Firefly on May 20 said its partnership with Turkish engineering firm Altaca completed the core technology platform behind its wet-to-jet sustainable aviation fuel pathway, a move that pushes the Bristol-based developer further from concept work and toward plant execution. The agreement links Altaca’s CatLiq hydrothermal liquefaction process with downstream refining technology from Chevron Lummus Global, giving Firefly a full conversion chain for turning sewage sludge into jet fuel.

Altaca’s CatLiq step uses hydrothermal liquefaction to convert biosolids into crude oil, creating the upstream feedstock for Firefly’s process.

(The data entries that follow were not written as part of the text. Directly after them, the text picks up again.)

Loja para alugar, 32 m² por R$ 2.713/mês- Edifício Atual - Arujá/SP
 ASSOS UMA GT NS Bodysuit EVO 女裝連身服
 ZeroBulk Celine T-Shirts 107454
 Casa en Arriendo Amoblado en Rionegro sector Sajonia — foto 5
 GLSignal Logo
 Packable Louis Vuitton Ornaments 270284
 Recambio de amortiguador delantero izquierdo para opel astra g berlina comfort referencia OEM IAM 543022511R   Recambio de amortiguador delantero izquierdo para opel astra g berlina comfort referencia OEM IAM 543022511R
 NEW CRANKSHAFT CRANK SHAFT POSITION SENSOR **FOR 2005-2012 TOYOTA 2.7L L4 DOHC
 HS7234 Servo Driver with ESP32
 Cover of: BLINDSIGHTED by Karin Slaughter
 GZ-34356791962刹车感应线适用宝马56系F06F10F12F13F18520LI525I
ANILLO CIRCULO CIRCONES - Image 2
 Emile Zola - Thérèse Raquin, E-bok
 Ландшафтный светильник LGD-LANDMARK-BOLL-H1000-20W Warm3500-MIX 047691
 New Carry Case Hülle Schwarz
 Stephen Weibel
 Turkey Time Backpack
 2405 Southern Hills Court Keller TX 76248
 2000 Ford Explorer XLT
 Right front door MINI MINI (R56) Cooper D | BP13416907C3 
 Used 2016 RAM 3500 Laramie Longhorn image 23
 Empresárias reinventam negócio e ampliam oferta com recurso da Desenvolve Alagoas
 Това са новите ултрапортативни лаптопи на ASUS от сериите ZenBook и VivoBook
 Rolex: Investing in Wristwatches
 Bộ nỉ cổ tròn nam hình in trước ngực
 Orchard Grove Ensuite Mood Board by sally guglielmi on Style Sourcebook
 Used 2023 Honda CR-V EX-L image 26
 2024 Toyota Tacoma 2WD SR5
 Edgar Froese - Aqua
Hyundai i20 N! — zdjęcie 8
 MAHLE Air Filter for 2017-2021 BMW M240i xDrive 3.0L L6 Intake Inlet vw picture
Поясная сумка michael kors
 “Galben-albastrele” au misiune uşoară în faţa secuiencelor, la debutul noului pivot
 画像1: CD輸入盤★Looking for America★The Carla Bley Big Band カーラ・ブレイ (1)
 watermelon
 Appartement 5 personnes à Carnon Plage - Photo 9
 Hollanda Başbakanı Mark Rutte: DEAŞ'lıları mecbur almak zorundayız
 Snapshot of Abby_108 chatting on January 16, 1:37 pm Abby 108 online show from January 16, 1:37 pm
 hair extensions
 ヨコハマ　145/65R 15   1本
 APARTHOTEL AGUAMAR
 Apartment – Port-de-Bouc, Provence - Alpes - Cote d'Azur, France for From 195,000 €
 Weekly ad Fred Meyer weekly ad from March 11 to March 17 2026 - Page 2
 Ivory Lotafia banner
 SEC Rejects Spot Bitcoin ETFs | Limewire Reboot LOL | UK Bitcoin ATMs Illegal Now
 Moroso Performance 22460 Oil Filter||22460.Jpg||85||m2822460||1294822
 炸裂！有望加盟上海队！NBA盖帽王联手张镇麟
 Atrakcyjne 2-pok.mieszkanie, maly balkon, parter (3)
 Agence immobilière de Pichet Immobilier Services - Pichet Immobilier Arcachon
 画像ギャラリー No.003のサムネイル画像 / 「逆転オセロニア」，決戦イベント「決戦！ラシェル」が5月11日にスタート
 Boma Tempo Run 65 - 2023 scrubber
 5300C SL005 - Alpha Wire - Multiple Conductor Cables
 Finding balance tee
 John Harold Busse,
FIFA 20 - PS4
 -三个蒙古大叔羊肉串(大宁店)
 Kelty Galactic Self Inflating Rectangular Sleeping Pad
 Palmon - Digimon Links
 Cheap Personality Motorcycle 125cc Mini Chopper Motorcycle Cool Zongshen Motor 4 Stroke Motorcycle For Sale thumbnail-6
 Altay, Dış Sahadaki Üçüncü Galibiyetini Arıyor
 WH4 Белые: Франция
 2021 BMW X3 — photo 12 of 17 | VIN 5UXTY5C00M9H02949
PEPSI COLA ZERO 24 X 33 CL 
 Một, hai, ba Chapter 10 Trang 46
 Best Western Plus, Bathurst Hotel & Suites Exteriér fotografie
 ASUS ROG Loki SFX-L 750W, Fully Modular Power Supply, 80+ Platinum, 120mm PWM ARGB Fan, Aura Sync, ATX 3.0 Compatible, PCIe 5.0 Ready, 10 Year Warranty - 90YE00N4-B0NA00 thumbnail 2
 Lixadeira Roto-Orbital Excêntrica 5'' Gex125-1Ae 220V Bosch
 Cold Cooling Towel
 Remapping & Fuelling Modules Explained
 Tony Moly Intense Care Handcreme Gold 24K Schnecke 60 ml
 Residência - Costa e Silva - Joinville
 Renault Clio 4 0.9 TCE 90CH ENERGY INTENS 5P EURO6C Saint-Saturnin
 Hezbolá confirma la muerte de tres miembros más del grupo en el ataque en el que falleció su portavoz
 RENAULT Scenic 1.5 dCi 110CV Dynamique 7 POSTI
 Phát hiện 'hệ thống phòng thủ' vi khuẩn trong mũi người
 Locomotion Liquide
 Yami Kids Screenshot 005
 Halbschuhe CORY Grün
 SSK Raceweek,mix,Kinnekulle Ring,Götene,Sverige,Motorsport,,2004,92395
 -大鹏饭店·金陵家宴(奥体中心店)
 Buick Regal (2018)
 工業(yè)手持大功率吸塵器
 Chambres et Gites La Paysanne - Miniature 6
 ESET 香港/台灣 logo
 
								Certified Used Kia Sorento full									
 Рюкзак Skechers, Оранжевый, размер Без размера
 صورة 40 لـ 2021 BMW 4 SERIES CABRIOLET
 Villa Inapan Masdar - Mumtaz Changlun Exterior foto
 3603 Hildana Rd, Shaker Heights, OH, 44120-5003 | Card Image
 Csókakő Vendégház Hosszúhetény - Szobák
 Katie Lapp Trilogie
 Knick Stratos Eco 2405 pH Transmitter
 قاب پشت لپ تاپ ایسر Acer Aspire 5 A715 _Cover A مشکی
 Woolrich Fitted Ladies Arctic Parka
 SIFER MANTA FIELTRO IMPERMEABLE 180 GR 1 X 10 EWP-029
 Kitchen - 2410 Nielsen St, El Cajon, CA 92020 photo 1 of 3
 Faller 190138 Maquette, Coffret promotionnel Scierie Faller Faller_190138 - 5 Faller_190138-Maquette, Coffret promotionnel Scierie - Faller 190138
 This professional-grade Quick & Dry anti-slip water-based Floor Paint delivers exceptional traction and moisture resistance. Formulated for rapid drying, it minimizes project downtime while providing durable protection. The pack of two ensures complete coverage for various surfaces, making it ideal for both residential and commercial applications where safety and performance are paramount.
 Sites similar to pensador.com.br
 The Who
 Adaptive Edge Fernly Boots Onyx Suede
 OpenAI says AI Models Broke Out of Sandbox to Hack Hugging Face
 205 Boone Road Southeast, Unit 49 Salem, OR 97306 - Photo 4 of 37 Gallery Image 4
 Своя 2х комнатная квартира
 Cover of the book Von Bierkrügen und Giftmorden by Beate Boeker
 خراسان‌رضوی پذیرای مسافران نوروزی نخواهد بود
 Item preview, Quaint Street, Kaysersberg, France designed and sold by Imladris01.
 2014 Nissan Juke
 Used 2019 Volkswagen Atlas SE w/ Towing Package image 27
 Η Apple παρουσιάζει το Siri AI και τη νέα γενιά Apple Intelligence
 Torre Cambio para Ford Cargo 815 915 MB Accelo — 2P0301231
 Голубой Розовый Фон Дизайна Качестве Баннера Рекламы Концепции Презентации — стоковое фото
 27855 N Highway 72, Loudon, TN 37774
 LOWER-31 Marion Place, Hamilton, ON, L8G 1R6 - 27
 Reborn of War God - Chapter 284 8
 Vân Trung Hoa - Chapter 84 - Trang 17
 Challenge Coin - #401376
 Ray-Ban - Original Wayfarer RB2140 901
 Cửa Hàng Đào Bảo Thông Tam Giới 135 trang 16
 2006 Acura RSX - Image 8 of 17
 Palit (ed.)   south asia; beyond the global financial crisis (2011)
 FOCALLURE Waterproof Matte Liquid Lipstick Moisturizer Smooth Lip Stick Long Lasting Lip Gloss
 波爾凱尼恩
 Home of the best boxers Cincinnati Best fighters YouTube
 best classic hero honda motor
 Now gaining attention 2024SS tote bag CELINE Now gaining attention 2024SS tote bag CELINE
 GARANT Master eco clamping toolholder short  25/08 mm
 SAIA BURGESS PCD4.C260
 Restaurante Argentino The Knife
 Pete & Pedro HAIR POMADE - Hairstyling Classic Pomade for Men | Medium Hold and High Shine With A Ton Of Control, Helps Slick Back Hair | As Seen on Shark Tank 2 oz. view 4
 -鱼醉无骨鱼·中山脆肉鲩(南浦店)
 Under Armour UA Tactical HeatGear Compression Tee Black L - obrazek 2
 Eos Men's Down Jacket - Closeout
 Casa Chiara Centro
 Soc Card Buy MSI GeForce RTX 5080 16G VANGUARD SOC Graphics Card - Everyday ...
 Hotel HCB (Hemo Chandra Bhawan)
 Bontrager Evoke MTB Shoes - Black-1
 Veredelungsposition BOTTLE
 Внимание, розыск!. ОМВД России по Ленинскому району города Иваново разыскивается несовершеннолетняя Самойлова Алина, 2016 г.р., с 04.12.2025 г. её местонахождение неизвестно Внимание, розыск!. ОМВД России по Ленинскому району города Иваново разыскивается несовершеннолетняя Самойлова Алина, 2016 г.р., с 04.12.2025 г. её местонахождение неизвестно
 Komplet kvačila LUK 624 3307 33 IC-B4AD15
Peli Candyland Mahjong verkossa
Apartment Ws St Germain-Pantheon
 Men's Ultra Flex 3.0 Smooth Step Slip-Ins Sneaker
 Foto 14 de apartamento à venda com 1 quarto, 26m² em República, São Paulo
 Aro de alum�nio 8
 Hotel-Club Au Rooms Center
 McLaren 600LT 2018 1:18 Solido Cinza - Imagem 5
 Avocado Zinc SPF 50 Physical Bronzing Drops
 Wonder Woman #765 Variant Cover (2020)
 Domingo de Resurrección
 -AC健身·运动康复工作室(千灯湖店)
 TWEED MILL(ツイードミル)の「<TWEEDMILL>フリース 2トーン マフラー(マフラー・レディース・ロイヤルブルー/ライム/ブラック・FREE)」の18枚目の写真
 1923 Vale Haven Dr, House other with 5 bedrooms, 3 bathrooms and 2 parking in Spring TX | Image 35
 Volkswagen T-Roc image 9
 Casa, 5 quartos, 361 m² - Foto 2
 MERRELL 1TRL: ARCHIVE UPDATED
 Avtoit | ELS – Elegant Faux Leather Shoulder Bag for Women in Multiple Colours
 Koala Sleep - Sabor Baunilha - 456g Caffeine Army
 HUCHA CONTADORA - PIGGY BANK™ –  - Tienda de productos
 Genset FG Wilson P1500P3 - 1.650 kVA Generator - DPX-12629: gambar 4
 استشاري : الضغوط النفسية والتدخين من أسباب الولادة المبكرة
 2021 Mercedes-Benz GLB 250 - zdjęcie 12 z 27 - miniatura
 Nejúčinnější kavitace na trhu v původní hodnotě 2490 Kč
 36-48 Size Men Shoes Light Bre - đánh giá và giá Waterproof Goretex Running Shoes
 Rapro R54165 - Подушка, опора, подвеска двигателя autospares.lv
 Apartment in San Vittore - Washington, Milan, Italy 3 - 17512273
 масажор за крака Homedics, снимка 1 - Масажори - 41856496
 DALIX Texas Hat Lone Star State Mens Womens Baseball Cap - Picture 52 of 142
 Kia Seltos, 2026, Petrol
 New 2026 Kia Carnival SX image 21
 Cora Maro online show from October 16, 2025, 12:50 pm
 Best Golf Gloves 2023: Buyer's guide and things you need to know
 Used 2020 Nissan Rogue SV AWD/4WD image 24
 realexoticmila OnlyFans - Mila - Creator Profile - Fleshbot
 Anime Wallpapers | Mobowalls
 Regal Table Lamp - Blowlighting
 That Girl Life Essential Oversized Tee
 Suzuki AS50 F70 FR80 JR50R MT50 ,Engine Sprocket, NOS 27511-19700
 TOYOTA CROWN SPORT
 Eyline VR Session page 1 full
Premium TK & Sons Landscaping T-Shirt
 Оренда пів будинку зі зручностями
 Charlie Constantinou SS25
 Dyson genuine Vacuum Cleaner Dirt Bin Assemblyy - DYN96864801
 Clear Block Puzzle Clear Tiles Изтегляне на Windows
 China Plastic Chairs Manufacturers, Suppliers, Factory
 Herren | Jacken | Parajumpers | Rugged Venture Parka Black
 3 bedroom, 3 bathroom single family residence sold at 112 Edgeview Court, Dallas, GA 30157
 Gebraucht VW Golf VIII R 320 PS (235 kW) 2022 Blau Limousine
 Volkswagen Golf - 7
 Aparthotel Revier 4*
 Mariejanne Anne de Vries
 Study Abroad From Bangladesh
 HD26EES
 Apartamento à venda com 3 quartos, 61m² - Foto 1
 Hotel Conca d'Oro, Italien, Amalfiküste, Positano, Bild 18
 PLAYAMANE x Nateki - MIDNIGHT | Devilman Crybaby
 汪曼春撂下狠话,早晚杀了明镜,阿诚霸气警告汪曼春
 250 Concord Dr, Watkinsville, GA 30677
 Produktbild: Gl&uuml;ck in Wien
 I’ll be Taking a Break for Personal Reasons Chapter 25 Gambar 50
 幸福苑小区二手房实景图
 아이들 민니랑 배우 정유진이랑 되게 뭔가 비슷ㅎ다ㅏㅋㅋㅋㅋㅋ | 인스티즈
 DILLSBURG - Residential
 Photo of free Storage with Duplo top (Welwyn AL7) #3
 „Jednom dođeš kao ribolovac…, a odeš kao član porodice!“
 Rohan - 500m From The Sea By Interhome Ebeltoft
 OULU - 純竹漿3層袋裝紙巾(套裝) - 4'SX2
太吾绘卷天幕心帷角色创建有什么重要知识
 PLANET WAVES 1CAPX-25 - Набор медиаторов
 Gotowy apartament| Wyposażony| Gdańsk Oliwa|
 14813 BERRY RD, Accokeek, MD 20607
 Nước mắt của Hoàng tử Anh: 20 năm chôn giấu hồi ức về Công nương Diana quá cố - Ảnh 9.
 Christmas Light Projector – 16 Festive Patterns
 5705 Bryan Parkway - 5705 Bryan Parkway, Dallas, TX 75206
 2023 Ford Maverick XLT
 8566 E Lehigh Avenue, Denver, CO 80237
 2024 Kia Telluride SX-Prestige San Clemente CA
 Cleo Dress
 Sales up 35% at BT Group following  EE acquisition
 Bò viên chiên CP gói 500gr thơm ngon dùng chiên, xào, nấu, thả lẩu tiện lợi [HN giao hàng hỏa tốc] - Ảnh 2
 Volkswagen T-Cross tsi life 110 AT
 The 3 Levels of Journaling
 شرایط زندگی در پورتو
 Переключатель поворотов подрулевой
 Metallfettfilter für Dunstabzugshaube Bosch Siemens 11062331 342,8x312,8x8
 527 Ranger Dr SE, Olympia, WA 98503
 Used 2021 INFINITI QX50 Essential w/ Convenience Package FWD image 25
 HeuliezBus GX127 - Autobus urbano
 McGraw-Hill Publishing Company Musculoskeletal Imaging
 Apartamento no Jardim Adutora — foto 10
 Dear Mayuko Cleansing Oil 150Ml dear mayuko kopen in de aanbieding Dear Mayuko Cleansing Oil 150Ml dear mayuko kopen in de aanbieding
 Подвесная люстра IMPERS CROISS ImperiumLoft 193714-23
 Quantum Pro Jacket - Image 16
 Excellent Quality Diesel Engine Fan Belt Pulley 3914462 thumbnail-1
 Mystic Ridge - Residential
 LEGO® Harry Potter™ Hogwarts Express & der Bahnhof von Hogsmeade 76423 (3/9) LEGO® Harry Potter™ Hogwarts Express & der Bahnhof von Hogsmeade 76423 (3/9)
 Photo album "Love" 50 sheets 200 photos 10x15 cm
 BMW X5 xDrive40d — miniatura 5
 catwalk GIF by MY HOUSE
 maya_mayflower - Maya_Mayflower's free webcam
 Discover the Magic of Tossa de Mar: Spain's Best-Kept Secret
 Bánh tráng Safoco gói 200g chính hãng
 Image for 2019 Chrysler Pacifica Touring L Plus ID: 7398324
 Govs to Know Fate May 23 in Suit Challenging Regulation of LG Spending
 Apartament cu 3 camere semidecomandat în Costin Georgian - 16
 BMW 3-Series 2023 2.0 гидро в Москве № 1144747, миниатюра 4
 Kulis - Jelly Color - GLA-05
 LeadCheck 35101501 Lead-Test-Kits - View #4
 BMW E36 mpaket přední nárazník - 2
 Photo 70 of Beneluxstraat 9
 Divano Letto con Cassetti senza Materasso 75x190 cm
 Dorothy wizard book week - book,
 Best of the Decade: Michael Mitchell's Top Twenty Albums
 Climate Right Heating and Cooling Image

That matters because Firefly has staked its project on treated human sewage, not on the crowded pools of used cooking oil, tallow or vegetable oils that already underpin much of the waste-based SAF market. Firefly has said it expects to source raw material for its first project from UK water companies, pairing waste disposal with a domestic aviation fuel stream.

AI-generated illustration
AI-generated illustration

The partnership was signed at the British Embassy in Ankara, underscoring the cross-border industrial buildout behind the project. Firefly has already said Anglian Water would supply biosolids for the planned pilot facility, which it has linked to the Haltermann Carless refinery site in Harwich, Essex. Firefly’s earlier timeline pointed to a pilot facility in 2027 and a first commercial-scale plant in 2029, both of which now depend on translating the technology package into a bankable operating plant.

Data visualization chart
Data Visualisation

Commercially, the project has already attracted an airline anchor. Wizz Air secured a 15-year offtake agreement for up to 525,000 tonnes of SAF from 2028 and made a £5 million equity investment in Firefly in 2023. Firefly has said Cranfield University’s independent analysis found its fuel could cut lifecycle emissions by more than 90% versus fossil jet fuel, while the company cites a carbon intensity of 7.97 g CO2e/MJ for its process.

For Firefly, the Altaca deal looks like a shift in emphasis. The core chemistry is now assembled, and the harder task is moving sewage-derived SAF from integrated flowsheet to operating asset, with feedstock logistics, refinery integration and project delivery now carrying as much risk as the technology itself.